Mr Martin said that Katie’s case was not “necessarily emblematic” of families who have to fight for disability services.
“What it could reflect though is the relationships between the clinical world and families and parents,” he said.
“I read the note that Antoinette sent me there, and there’s been a lot of interaction with very, very senior consultants in this field, in paediatric surgery, particularly orthopaedic paediatric surgery, who – apparently, from that note – are saying that they didn’t believe that surgery was the right course of action, and they either refused or took a decision not to do it on clinical grounds.
“But I would have to explore that further with the consultants concerned.
“It’s a very, very difficult case for a mother, and obviously the struggle and the journey for that family has been a long one from the day the lady was born and born prematurely, and has been engaged with services on an ongoing basis.
“It is a very, very difficult and painful journey for families, and families and mothers want the best for their child. I understand that fully, and mothers and fathers will do everything for their child, and that means, at times, very difficult engagements with consultants and clinicians.
“I think clinicians make their best judgments in respect of the timing of surgery and I’ve come across this in many cases where people are anxious to get the surgery, clinicians are saying ‘not yet’ or ‘we don’t believe it is clinically justified’.
“On the other hand, if surgeons believe that they can’t do it here, there is a treatment-abroad scheme, and I’ve often referred parents myself through the treatment-abroad scheme, and it has been effective.
“But again, it needs sign-off from international clinicians before you can be treated abroad under the treatment-abroad scheme. And I always say to professionals and to all of us here, that we have to always try and look at these cases through the prism of the family and the mother and father and the child.
“But this case has been ongoing for some time from the file, and there clearly has been disagreement in respect of clinical decisions on this and that makes it very difficult, from a political perspective, to overly interfere and sort of instruct doctors to carry out surgery.”
The two-day Fianna Fail think-in was taking place in Douglas in Co Cork ahead of the Dail parliament returning on Wednesday.
Among the issues on the agenda was the budget, the cost of living, the housing crisis and the presidential election.
Fianna Fail’s presidential candidate Jim Gavin canvassed around the area ahead of arriving at the think-in on Monday afternoon.
Mr Martin said Budget 2025 would prioritise housing, child poverty and disability services.
He said the significant cost of food prices would have to be addressed in the budget, and said it would be a “targeted approach” to those for whom the cost of living was most acute.
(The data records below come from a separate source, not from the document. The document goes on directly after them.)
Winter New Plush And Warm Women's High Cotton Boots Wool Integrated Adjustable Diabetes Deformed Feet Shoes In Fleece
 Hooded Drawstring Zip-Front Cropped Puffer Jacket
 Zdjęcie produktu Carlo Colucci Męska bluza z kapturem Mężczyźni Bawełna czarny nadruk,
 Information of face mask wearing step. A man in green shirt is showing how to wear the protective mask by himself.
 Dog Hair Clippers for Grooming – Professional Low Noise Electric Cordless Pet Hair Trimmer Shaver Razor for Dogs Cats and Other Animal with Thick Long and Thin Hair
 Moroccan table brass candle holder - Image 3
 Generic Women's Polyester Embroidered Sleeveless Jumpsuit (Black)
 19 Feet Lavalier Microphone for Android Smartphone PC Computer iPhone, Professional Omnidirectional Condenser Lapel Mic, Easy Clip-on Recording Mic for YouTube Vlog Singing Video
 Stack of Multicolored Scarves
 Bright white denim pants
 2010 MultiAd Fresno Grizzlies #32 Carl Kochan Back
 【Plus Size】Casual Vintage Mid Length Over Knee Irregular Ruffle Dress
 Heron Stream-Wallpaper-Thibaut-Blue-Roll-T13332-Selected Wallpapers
“The Government is not going to do subsidies or anything like that,” he said.
On a second tier of child benefit, he said: “Things are not ready for a new payment structure this term, but they will have measures that are more or less equivalent to second child benefit criteria for those on the lowest incomes.”
He also said that the global situation was “turbulent” and “dangerous” when referring to the Russian invasion of Ukraine.
“I spoke with Prime Minister (Sir) Keir Starmer on Friday on a range of issues, including legacy, but we did focus on this and as the British prime minister said to me – ‘Is it an accident that the European Union building in Kyiv is bombed, that the British Council building in Kyiv is bombed, and that these drone incursions into EU states is (evidenced).
“So it looks like a manifestation of extreme recklessness on behalf of President Putin.
“It’s serious and sometimes in Ireland we underestimate the level of insecurity on the eastern flank of Europe, and particularly in terms of the Baltic states and others, they really fear Russia’s agenda, and it is something that we need to be very conscious of.”